We present two results about structural properties of delta-matroids which come from graphs and other two results about obtaining vertex-minors and pivot-minors while preserving the connectivities.
First, we introduce delta-graphic matroids and study their structural properties to characterize the class of delta-matroids that are twisted matroids and graphic delta-matroids. We give a structural characterization of delta-graphic matroids by providing the decomposition theorem. We also prove that every minor-minimal matroid which is not delta-graphic has at most 48 elements.

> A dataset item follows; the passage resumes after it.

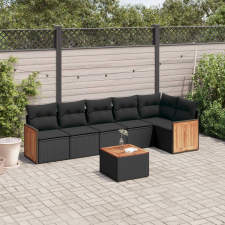vidaXL 7 részes fekete polyrattan kerti ülőgarnitúra párnával kerti bútor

Second, we introduce Γ-graphic delta-matroids defined from graphs whose vertices are labelled by elements of an abelian group Γ. We provide a polynomial-time algorithm to solve the separation problem on these delta-matroids, and as an application, we present polynomial-time algorithms for two graph problems. We further investigate various properties of Γ-graphic delta-matroids.
Third, we show that for any two pairs (Q, R) and (S, T ) of disjoint sets of vertices, if a simple graph is large, then there exist two ways to reduce the graph by a vertex-minor operation while preserving the connectivity between Q and R, and the connectivity between S and T.
Finally, we prove that if a sequentially 3-rank-connected graph is large, then there exists a sequen- tially 3-rank-connected vertex-minor with one fewer number of vertices.